▸ **Records for processing**
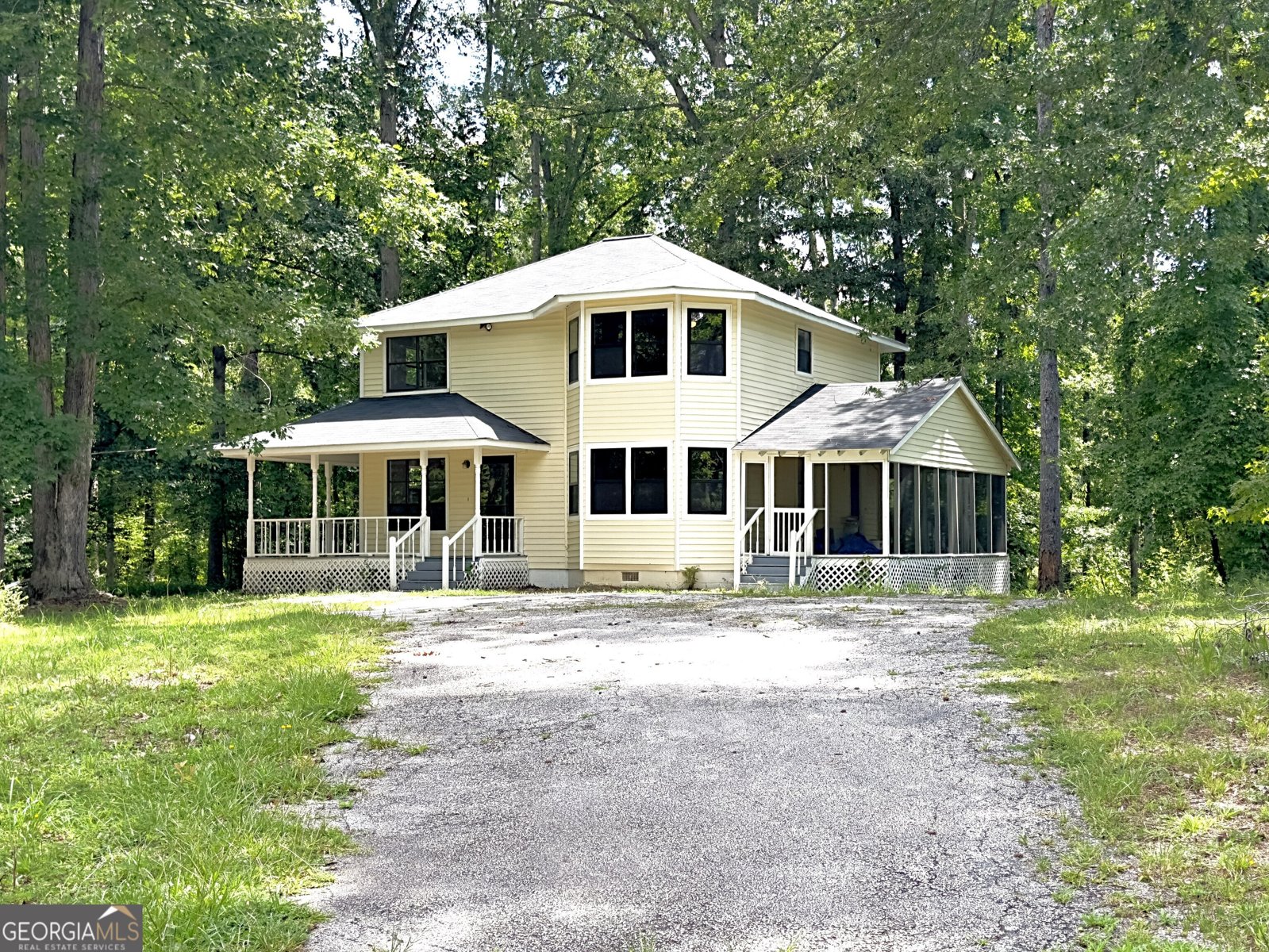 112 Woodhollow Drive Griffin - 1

==

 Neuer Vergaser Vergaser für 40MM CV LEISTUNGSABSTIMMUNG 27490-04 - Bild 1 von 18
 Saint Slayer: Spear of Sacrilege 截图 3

▸ **Problem to solve**
Where the line holding "Neuer Vergaser Vergaser" appears in the listing above, start reproducing exactly, and end with the line holding "Saint Slayer: Spear of Sacrilege 截图 3".

▸ **Final answer**
 Neuer Vergaser Vergaser für 40MM CV LEISTUNGSABSTIMMUNG 27490-04 - Bild 1 von 18
 Saint Slayer: Spear of Sacrilege 截图 3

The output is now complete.